San Diego Company Producing Controversial Drug

A San Diego-based company is producing a new painkiller that some lawmakers are asking the FDA to revoke.

Zohydro- Extended Release the same ingredient found in Vicodin called hydrocodone, except this pill comes with a much higher concentration.

Unlike Vicodin, the drug does not come mixed with Acetaminophen, which is the same ingredient as Tylenol.

"It's still Vicodin. It's just you got to take one instead of five to get the same effect," says Jeff Cox, an addiction counselor at Lasting Recovery.

This ensures users don't get liver toxicity-- a common side effect of taking too much acetaminophen.

"There's a market to that,” Cox says. “There's a benefit to that. One of the problems is it has an abuse potential, and it can be crushed up and injected and producing the effect of taking more than one Vicodin."

But it’s that potential for abuse that has critics calling for the FDA to revoke its approval of the drug.

"We have to ask why we have so many of these pain medications to begin with.
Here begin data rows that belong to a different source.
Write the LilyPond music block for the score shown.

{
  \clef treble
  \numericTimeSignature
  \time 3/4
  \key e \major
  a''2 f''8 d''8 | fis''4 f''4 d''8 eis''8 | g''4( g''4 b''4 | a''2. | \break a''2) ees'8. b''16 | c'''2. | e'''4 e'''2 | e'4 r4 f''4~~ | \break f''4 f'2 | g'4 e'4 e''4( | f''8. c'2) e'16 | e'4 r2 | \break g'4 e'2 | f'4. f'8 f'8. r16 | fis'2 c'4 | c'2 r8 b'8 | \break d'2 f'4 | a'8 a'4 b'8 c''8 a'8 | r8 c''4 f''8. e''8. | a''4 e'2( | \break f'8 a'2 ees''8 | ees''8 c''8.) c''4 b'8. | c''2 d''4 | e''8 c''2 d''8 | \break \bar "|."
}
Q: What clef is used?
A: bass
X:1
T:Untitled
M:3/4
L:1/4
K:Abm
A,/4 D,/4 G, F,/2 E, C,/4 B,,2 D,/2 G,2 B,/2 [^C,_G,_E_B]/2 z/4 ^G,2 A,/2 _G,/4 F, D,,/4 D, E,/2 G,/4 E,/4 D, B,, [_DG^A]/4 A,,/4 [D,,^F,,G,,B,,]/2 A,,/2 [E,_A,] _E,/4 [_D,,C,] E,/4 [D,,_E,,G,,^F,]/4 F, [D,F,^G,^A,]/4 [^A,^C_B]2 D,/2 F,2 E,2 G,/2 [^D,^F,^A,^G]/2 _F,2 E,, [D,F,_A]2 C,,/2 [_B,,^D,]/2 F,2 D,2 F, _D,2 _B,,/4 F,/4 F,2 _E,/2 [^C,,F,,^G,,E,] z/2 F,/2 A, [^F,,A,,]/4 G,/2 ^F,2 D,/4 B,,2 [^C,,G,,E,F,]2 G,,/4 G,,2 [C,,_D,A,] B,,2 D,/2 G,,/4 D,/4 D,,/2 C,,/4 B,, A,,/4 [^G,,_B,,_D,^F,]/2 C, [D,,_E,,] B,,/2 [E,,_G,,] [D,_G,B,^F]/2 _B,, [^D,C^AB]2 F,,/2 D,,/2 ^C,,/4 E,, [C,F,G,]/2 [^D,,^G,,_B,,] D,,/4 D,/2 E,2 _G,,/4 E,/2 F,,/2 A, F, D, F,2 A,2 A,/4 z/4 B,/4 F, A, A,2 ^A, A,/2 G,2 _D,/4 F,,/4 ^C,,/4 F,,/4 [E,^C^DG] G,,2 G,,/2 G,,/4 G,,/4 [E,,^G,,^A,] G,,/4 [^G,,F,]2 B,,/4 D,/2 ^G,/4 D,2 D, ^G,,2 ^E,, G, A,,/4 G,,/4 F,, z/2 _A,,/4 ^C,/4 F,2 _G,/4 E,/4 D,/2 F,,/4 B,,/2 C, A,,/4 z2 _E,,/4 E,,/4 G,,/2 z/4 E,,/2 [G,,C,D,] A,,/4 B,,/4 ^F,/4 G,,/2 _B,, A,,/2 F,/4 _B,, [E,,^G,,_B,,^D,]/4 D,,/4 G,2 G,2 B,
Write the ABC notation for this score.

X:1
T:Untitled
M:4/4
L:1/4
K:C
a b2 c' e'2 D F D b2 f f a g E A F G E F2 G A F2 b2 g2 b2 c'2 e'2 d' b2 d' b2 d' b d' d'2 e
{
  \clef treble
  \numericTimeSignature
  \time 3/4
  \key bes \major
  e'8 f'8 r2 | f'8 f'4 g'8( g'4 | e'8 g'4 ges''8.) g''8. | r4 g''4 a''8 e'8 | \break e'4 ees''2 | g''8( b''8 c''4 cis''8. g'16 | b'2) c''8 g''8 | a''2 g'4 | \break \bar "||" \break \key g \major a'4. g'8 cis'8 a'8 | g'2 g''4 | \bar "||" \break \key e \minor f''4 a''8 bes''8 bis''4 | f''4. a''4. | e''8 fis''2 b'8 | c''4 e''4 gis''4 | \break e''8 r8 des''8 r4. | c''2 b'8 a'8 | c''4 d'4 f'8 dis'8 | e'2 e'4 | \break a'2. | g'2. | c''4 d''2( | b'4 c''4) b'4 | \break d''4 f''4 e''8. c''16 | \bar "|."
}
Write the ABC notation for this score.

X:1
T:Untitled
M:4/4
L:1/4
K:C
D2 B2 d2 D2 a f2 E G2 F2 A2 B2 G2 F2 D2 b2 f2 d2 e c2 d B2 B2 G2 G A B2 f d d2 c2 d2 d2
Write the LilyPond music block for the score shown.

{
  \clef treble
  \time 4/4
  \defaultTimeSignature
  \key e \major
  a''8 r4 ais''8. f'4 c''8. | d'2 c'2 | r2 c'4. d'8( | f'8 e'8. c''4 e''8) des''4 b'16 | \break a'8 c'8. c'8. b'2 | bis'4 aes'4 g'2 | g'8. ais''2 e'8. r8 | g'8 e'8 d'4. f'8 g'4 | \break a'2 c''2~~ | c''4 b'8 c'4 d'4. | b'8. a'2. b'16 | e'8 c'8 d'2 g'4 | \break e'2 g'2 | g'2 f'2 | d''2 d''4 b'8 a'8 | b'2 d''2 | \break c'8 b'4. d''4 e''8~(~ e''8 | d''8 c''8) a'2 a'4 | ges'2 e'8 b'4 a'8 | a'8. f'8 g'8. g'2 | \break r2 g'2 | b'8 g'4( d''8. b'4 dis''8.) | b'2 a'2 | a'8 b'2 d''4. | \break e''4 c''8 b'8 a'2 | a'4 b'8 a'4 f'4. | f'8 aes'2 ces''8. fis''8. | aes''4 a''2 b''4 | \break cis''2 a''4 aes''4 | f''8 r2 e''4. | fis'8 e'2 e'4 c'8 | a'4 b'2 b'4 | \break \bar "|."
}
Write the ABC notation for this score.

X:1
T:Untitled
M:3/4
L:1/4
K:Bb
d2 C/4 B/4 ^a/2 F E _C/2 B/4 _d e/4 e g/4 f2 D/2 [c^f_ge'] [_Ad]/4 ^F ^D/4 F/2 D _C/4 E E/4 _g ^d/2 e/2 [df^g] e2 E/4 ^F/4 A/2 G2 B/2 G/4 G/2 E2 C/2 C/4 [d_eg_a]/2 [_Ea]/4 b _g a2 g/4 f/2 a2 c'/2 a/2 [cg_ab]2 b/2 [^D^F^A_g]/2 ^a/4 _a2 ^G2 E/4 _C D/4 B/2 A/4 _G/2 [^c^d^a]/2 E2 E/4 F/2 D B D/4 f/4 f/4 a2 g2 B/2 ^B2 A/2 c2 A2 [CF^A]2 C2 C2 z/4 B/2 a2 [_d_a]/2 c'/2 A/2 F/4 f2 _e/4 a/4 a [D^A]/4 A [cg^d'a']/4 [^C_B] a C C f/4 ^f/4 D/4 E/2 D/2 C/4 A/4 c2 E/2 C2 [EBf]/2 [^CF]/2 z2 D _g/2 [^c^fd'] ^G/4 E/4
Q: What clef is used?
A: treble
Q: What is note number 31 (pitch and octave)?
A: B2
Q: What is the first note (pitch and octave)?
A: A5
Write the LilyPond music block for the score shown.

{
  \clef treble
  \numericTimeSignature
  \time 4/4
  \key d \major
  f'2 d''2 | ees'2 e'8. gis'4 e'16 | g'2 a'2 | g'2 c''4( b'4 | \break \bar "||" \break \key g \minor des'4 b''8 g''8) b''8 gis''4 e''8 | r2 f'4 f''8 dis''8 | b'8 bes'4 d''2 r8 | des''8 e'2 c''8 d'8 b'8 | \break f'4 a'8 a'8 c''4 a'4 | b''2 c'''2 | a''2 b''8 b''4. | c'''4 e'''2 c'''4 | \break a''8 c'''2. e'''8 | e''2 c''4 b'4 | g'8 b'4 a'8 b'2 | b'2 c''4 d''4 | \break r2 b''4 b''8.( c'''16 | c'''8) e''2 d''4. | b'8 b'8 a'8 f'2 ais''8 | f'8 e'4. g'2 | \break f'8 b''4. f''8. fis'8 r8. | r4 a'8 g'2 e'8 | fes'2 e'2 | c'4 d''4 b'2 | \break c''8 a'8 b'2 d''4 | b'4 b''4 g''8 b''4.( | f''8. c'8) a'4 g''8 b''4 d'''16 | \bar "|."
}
In the United States, we use the most opiate pain medication on the planet," Cox explains.

The San Diego-based company Zogenix produces the drug and declined an interview with NBC 7, but said in a statement:

The safety of Zohydro ER is based on clinical studies of more than 1,100 people living with chronic pain (and) was found to be generally well tolerated (with) adverse reactions in ≥ 2% of patients.

But Cox says the new drug provides even more access for addicts.

"It's easier for the insurance industry and the medical industry to prescribe these potentially addictive medications which not everybody becomes addicts, but a lot of people do," he said.

A New York Senator has called on the U.S. Health and Human Services to overrule the FDA and pull it from shelves.

Zogenix says it is working to develop an abuse-deterrent version of the drug.